Exercise prompt. Restate word for word the lines below, from the one containing "Metadata: Documenting your data" through the final line, with no pictures included.
**** Collected data ****
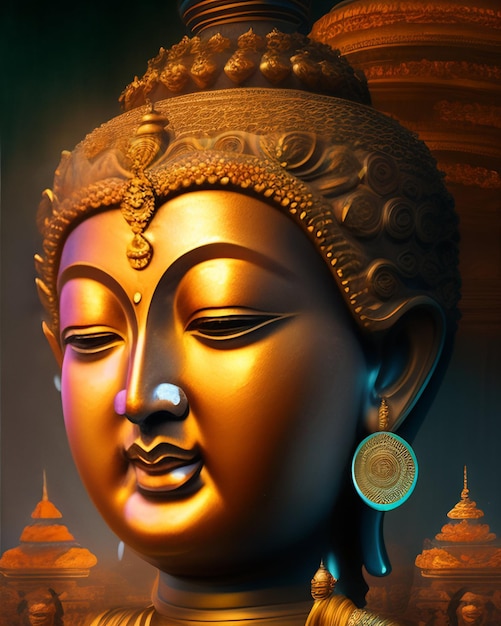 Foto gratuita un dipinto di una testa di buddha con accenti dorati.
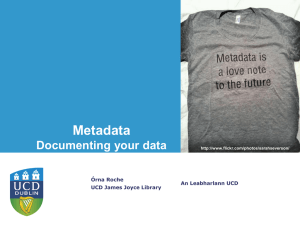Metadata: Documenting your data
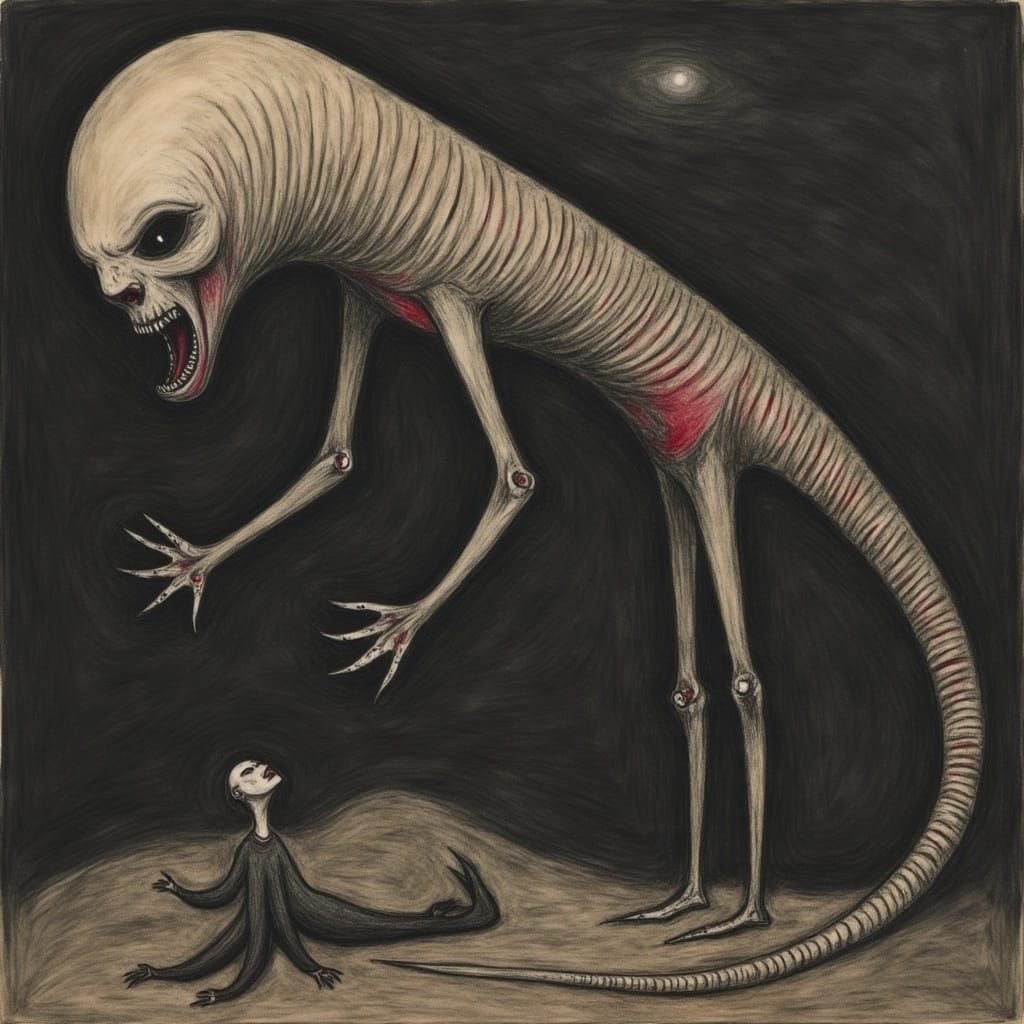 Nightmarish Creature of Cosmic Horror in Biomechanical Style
****
Your solution.
Metadata: Documenting your data
 Nightmarish Creature of Cosmic Horror in Biomechanical Style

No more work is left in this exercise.